Not greed. Not sex. Not even guilt lathered on by your mother-in-law is stronger. The most potent emotion people have is fear of loss. In fact, brain guys claim scientific evidence that people get twice as worked up at the thought of losing money as they do about making an equal amount. Maybe we expect good things, and are shocked when crap happens.
But it does. And the biggest surprise in 2013 for most people will be the value of their real estate.
Two days ago I referenced the nascent media negativity about housing. Expect this to continue, but at the same time as the real estate industry throws everything it has at misinformation. Realtors know people buy houses for emotional reasons. For the last four years greed and horniness have ruled, bringing inflated values and record debt. Going forward they’re in a sweat that fear of loss will send real estate reeling.
They hate me, of course. Now they can add Maclean’s mag, the latest publication to helpfully rewrite this blog, but with more hyperbole (not to mention the picture).
“A housing correction—or, possibly, a crash—is no longer coming. It’s here,” gushes the current issue. “And you don’t have to own a tiny $500,000 condo in downtown Toronto or a $1.3-million bungalow in Vancouver to get hurt. With few exceptions, the impact will be indiscriminate as the euphoria of rising house prices is replaced by fear. The only question now is how bad things will get. If the decline picks up speed, as many believe it will, there could be a nasty snowball effect. Construction jobs will be lost. Homeowners will end up underwater. Consumers may stop spending… It all amounts to a dramatic reversal of fortune for Canadians, albeit one we brought on ourselves. Back in 2009, our hot housing market acted as a life preserver in a sea of economic uncertainty. Now it feels more like a cinder block tied around our necks.”

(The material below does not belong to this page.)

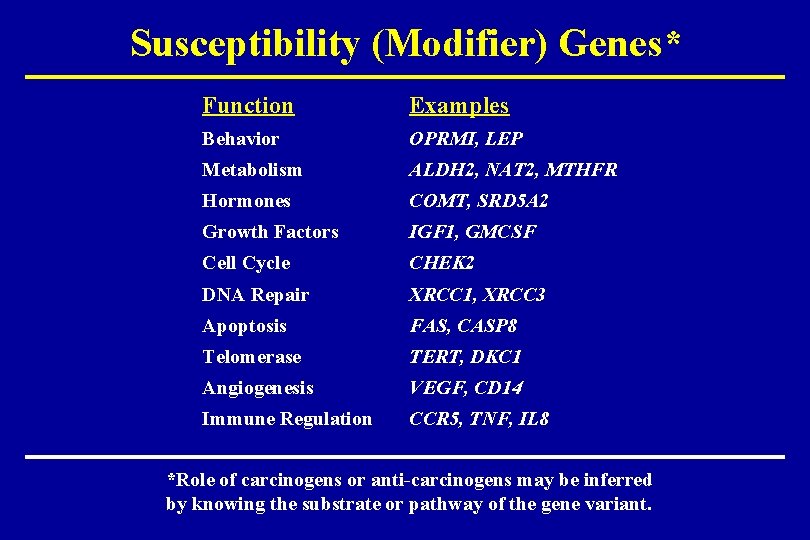 Susceptibility (Modifier) Genes* Function Examples Behavior OPRMI, LEP Metabolism ALDH 2, NAT 2, MTHFR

Can negative media hasten the correction and make it worse? Probably. Canadians have spent all this time since the 2006 US housing crash convincing themselves it’s different here. Now we have more debt and higher prices than the Yanks faced, stagnant incomes, tighter lending regs and a slower economy. Mix in some panic – not hard after last week’s numbers out of Van and the GTA – and suddenly your mortgage looks like a contestant on The Biggest Loser. No wonder people are in a tizzy about trashing debt.
Franko, for example, says, “Right now I am in the middle of a mortgage that is prime minus 0.65%. I have 2 years and 9 months remaining. What should I do right now with my existing mortgage? I want to blend and extend, but will I be able to keep my low rate? In the long run will I be able to get more savings if I lock in for 10 years, knowing what my payment will be for the next decade and allowing me to keep some hair on my head?”
See what I mean? Fear of higher rates almost three years from now is causing Franko to morph into a financial idiot. His current mortgage is just 2.35%, less than the inflation rate, meaning the bank’s subsidizing him. Far better to keep the cheapo loan in place, invest his money wisely in growth assets for three years, then retire a big chunk of the principal upon renewal. Blending and extending now would goose his rate by a significant amount, wipe out the benefit of 31 months of subsidized living, stretch his debt years into the future and make TNL@TB all tingly with anticipation and moist desire.
But wait. Franko has another confession.
“I bought my current condo a few years ago, and now we’re pregnant and need to move out to a bigger place. It’s in a desirable location in Vancouver, so it will be easy to rent, and I don’t want to sell for a loss. How long should we hang on to it, until the market recovers?”
News flash, dude: the market’s cooked for years to come. Despite prices dipping monthly in Vancouver (and soon Toronto), this correction has only just begun. Values are unsustainable based on incomes, economic growth, wage gains, employment levels or migration and offshore investment. There are a myriad of reasons for real estate to lose value, and virtually none why it should recover. The decline we’re starting to witness now will only accelerate after 2015 because of negative demographics, let alone normalizing interest rates and debt deleveraging.
This should be obvious. No asset class rises without end. Especially one whose value is linked to people being horny, greedy and indulgent. By fearing an immediate loss Franko walks into far more substantial future losses. He embodies a human flaw so widespread, it’s the greatest threat to middle class wealth.
But then, when people are misled daily, we should brace for the worst.
Below is a story from Sunday’s Vancouver Sun real estate section, trumpeting that a house sold “for more than $3 million.” It actually changed hands (after 67 days on the market) for $312,000 under asking and at a 2009 price. The responsible headline: “House sells for $600,000 less than assessment.”
When you finally see that, duck and roll.